Some communities, large and small, urban and rural, have already adopted their own Complete Streets policies. PTNY urges NYSDOT and the MPOs to actively implement Complete Streets in the projects they oversee and support and foster understanding and implementation of Complete Streets among practitioners at other levels of government.

PTNY will continue to support the implementation of Complete Streets policies through legislation in the upcoming legislative session. Specific objectives include the following:

  • Expansion of the Complete Streets law to also include consideration of accommodations for pedestrians and bicyclists when undertaking resurfacing, maintenance and pavement recycling projects. New York State's current Compete Street Law presently only applies to projects classified as construction, reconstruction or rehabilitation and specifically excludes projects classified as resurfacing, maintenance and pavement recycling.
  • Local control of road speed limits. In 2014, a local speed control law for New York City was passed [S. 7892 (Klein)/A. 10144 )(Rules/O’Donnell) (Local Control on NYC speed limits)], allowing the City to reduce the speed limit by 10 miles per hour, to 25 mph, on City-controlled roads. A local speed control bill, similar to NYC's bill but for non-suburban towns, S. 1356 (Little)/A. 6089 (Russell) (Local control of town road speed limits), passed the Senate, but failed to gain support in the Assembly.

This "upstate" local speed limit law was not without considerable support. PTNY and partners garnered the support of more than 50 mayors and supervisors and hundreds of organizations in a letter to the Governor and legislative leaders. Studies have shown that decreasing speed limits increases safety, especially for non-motorized roadway users. Moreover, collisions that do occur at lower speeds are far less likely to cause fatalities.

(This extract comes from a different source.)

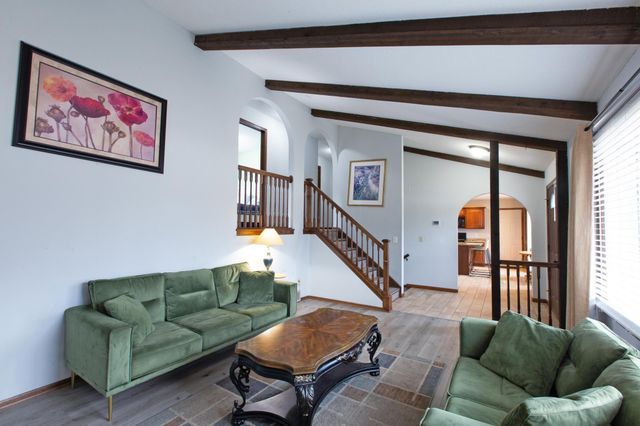 1133 126th Lane NE, Blaine, MN 55434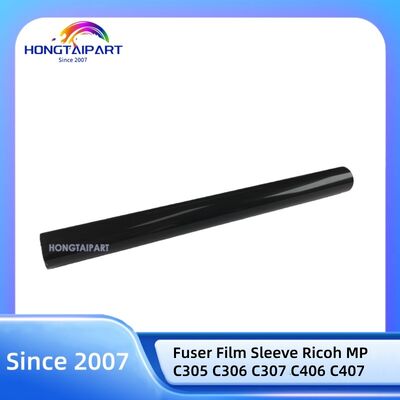 ซื้อ Fuser Film Sleeve FM-092 for Ricoh MP C305 C306 C307 C406 C407 Fixing Film Sleeve การผลิตออนไลน์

Legalize the use of E-bikes in New York State

Electric bicycles ("e-bikes") look and operate like standard bicycles, except that their light-weight, battery powered motors can be turned on to provide supplementary power going up hills, on long rides, or if the rider is tiring. E-bikes are designed with many of the same safety features as traditional bicycles and can be ridden in exactly the same way using only pedal power.

The U.S. Consumer Product Safety Commission Act (CPSC) ruled that electric bicycles and tricycles meeting the definition of low-speed, electric bicycles are consumer products. The Act defines "low-speed electric bicycles" as a two- or three-wheeled vehicle with fully operable pedals, a top speed when powered solely by the motor of 20 mph and a motor that produces less than 1 horsepower when operated by a rider weighing 170 lb. Low-speed electric bicycles that meet these criteria are exempt from classification as motor vehicles.

New York has yet to adopt the CPSC standard, which means that e-bikes can legally be sold, but not operated on any public roadway in the State. Moreover, there is no process whereby e-bike operators can register and license their e-bikes for use as motor vehicles, as exists with motorcycles and mopeds. This creates uncertainty for e-bike users and enforcement agencies.

Legislation proposed in both the Senate and Assembly would remove uncertainty for e-bike users, and enforcement agencies, as well as retailers who are currently selling e-bikes in New York. More importantly, legalizing and regulating e-bike use will make another healthy, low-emission transportation mode available to New Yorkers. Legalization and reclassification has the potential to benefit the environment, limit road congestion, support healthy living, and promote tourism across the State.